The FBI has been investigating the relationship between several NYPD officials like Corrections officer union president Norman Seabrook and former NYPD Chief of Department Philip Banks and well-placed businessmen Jeremy Reichberg and Jona Rechnitz. The Feds discovered the presence of shady dealings between the men when they wiretapped a dinner that between the aforementioned parties. Their investigation of what they found led them to interrogate 20 cops-including three deputy chiefs and the Head of the Upper East Side’s 19th Precinct according to the New York Post. Specifically, the Feds probed the suspects over gifts and trips that were given to the officers in exchange for favors. The probe also involved a conspiracy between the NYPD officials to purchase and resell liquor at discounted prices in order to generate a profit for themselves.
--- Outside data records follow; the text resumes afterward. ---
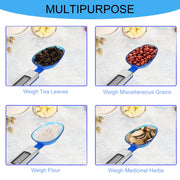 Digital Measuring Spoon Scale with 3 Scoops – 500 g × 0.1 g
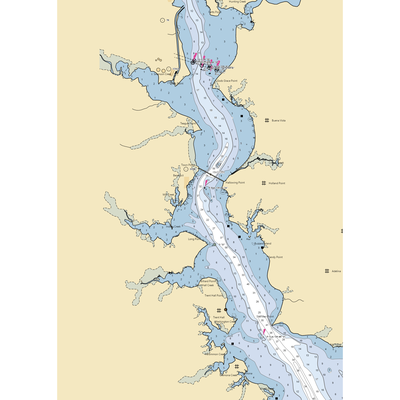 Desoto's Landing Marina (Benedict, MD) NOAA Chart  Gaming Mouse Pad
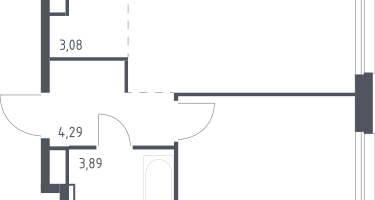 Студия, 37&nbsp;м²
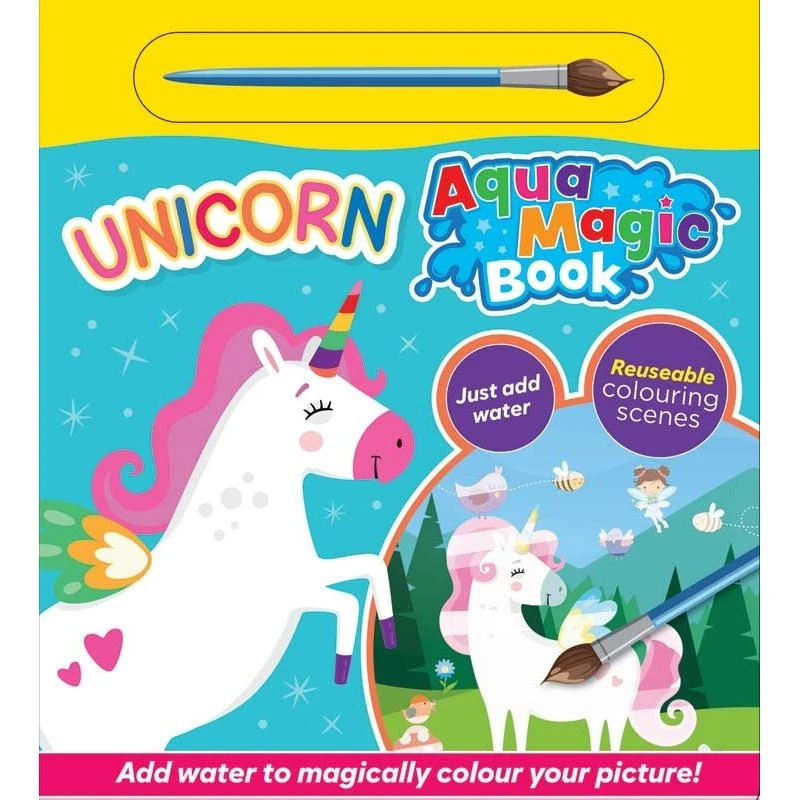 Unicorn Aqua Magic Book – Magisk farvelægning med vand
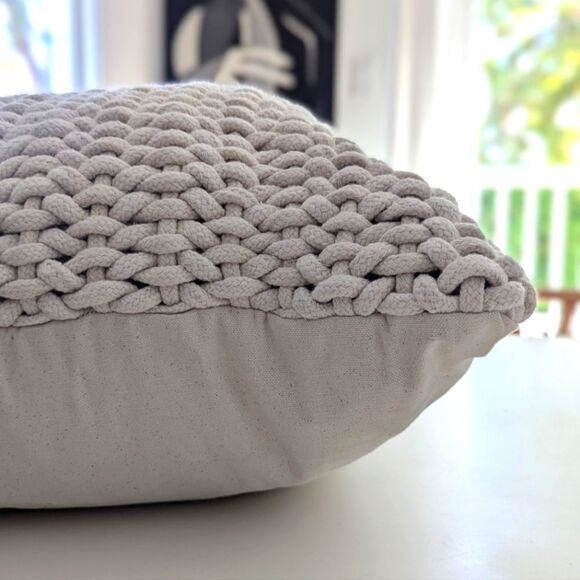 Coyuchi Organic Cotton Pillow Cover - Picture 2 of 11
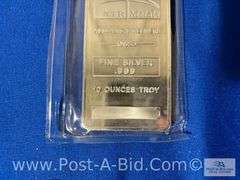1-10 oz. .999 Fine Silver NTR Metals Bar And 2-1oz Copper Morg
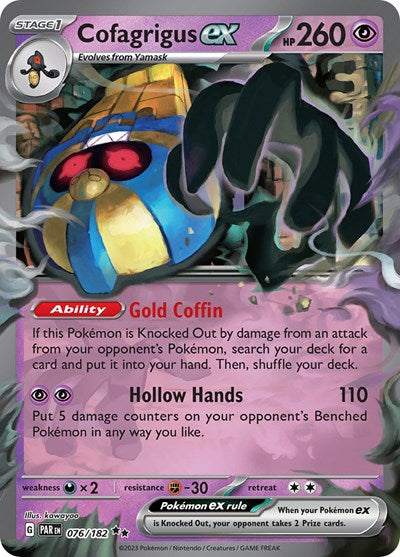 PAR: Cofagrigus ex (Holofoil)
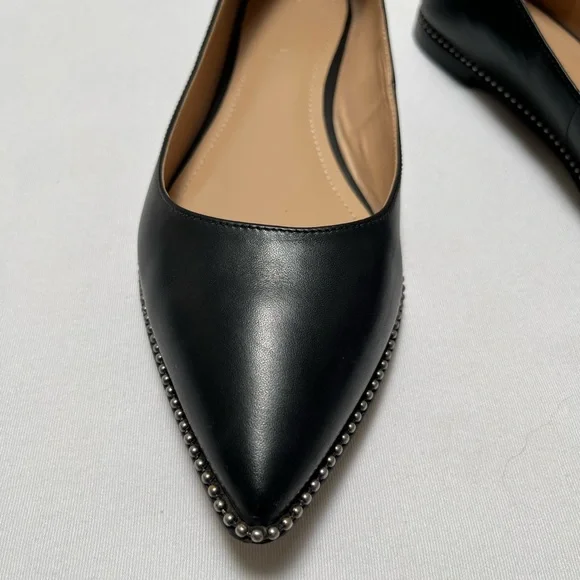 Coach Viviana ball chain leather flats, size 9.5 - Picture 2 of 6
Last Friday, when the officer's case was first heard in Manhattan federal Court, the lawyer for NYPD chief Michael Harrington cited the Supreme Court ruling that deemed that accepting gifts in exchange for favors on “an as-need basis” no longer strictly constituted bribery.
Andrew Weinstein, Harrington’s lawyer, argued that the Feds needed to prove a “quid pro quo of something concrete” according to the New York Post.
Perhaps more concretely, another attorney for the disgraced cops, Marc Fernich argued that “amorphous” favors not directly tied to a gift no longer counted as bribes.
Harrington and James Grant, his alleged accomplice have been accused of accepting trips abroad and home renovations among other things from real-estate investor Jona Rechnitz and his businessman friend Jeremy Reichberg.
In exchange for these pleasantries, and fixing the businessman’s tickets, the NYPD cops and their cronies received free escort services courtesy of their executive friends.
In the famous McDonnell decision cited by a team of the cops team of defense attorneys, in this case, the Supreme Court justices ruled that there was no hard proof had not provided “official acts” in exchange for nearly $165,000 that he received in loans and gifts according to the Post.